Raw data ▸
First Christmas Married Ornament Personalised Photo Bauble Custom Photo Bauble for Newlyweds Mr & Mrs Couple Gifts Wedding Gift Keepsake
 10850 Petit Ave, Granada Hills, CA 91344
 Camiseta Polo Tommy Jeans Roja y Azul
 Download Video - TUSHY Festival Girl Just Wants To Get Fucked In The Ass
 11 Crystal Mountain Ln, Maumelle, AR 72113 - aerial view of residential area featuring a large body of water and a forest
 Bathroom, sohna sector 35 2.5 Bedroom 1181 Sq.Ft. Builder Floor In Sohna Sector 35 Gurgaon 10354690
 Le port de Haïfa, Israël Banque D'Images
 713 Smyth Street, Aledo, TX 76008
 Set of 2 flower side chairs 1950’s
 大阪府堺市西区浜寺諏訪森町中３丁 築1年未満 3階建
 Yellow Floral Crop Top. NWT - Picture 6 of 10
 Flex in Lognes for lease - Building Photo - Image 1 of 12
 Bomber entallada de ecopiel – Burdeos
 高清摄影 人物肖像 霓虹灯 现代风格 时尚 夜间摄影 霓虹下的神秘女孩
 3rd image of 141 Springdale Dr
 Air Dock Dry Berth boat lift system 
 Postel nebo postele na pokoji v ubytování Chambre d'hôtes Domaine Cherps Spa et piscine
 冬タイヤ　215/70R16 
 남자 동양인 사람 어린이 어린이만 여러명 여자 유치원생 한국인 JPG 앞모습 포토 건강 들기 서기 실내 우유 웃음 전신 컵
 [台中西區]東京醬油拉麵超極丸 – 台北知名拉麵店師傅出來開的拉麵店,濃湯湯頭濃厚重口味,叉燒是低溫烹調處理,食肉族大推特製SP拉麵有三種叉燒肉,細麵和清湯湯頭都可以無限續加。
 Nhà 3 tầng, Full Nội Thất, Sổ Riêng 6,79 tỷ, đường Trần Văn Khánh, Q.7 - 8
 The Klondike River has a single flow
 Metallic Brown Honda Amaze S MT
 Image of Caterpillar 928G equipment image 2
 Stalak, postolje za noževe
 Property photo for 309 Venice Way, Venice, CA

Task statement ▸ Quote all the records exactly, please, leaving none out.

Output ▸
First Christmas Married Ornament Personalised Photo Bauble Custom Photo Bauble for Newlyweds Mr & Mrs Couple Gifts Wedding Gift Keepsake
 10850 Petit Ave, Granada Hills, CA 91344
 Camiseta Polo Tommy Jeans Roja y Azul
 Download Video - TUSHY Festival Girl Just Wants To Get Fucked In The Ass
 11 Crystal Mountain Ln, Maumelle, AR 72113 - aerial view of residential area featuring a large body of water and a forest
 Bathroom, sohna sector 35 2.5 Bedroom 1181 Sq.Ft. Builder Floor In Sohna Sector 35 Gurgaon 10354690
 Le port de Haïfa, Israël Banque D'Images
 713 Smyth Street, Aledo, TX 76008
 Set of 2 flower side chairs 1950’s
 大阪府堺市西区浜寺諏訪森町中３丁 築1年未満 3階建
 Yellow Floral Crop Top. NWT - Picture 6 of 10
 Flex in Lognes for lease - Building Photo - Image 1 of 12
 Bomber entallada de ecopiel – Burdeos
 高清摄影 人物肖像 霓虹灯 现代风格 时尚 夜间摄影 霓虹下的神秘女孩
 3rd image of 141 Springdale Dr
 Air Dock Dry Berth boat lift system 
 Postel nebo postele na pokoji v ubytování Chambre d'hôtes Domaine Cherps Spa et piscine
 冬タイヤ　215/70R16 
 남자 동양인 사람 어린이 어린이만 여러명 여자 유치원생 한국인 JPG 앞모습 포토 건강 들기 서기 실내 우유 웃음 전신 컵
 [台中西區]東京醬油拉麵超極丸 – 台北知名拉麵店師傅出來開的拉麵店,濃湯湯頭濃厚重口味,叉燒是低溫烹調處理,食肉族大推特製SP拉麵有三種叉燒肉,細麵和清湯湯頭都可以無限續加。
 Nhà 3 tầng, Full Nội Thất, Sổ Riêng 6,79 tỷ, đường Trần Văn Khánh, Q.7 - 8
 The Klondike River has a single flow
 Metallic Brown Honda Amaze S MT
 Image of Caterpillar 928G equipment image 2
 Stalak, postolje za noževe
 Property photo for 309 Venice Way, Venice, CA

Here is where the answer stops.